Exercise prompt:
Restate the full listing word for word; images stay out of it.

──────── Stored data

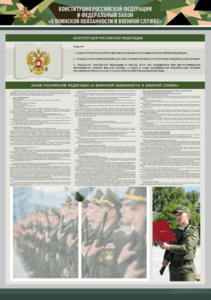 Стенд-уголок "Конституция Российской Федерации и Федеральный закон "О воинской обязанности и военной службе" - fgospostavki.ru - Уссурийск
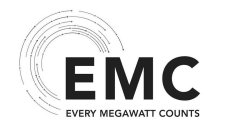 EMC EVERY MEGAWATT COUNTS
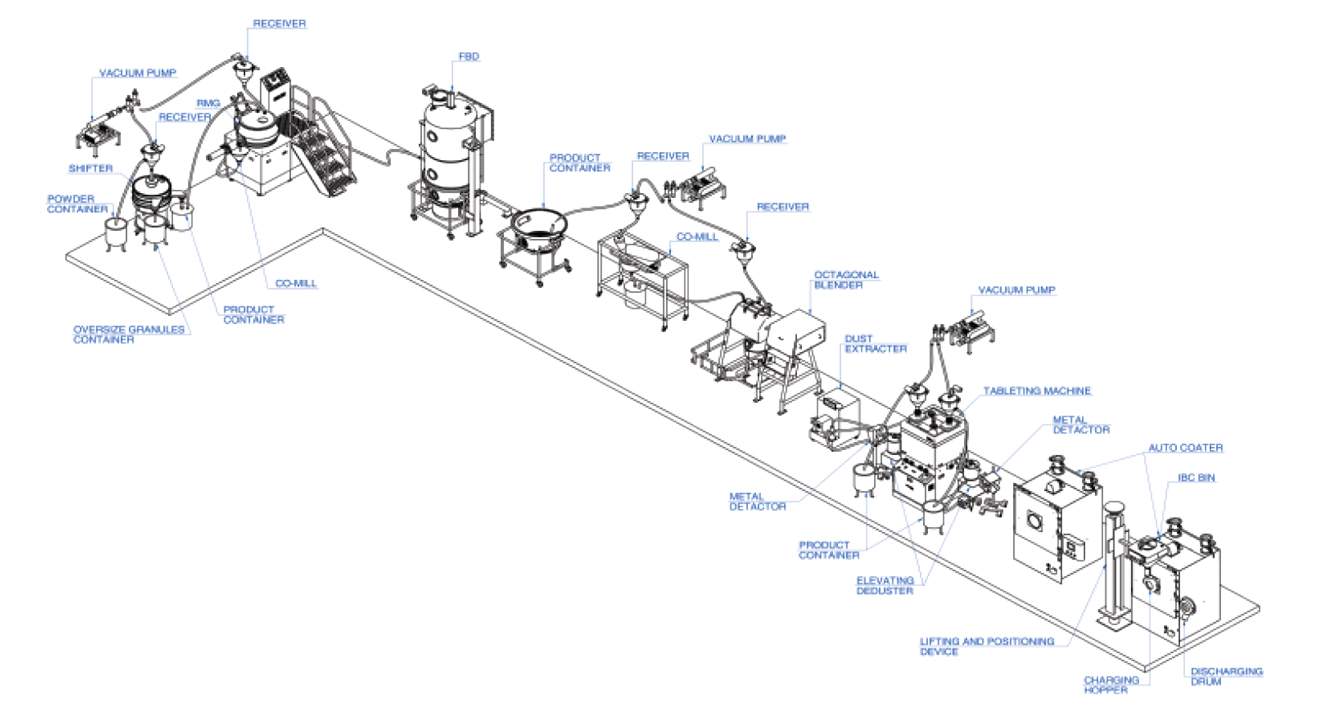 Nu Pharma Engineers & Consultant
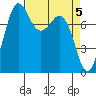 Echo Bay tide chart for Friday, April 5, 2024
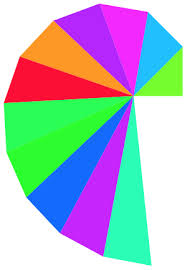 How to make a square root spiral. Drawing A Square Root Spiral Mathematica Stack Exchange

────────────────

Exercise response:
 Стенд-уголок "Конституция Российской Федерации и Федеральный закон "О воинской обязанности и военной службе" - fgospostavki.ru - Уссурийск
 EMC EVERY MEGAWATT COUNTS
 Nu Pharma Engineers & Consultant
 Echo Bay tide chart for Friday, April 5, 2024
 How to make a square root spiral. Drawing A Square Root Spiral Mathematica Stack Exchange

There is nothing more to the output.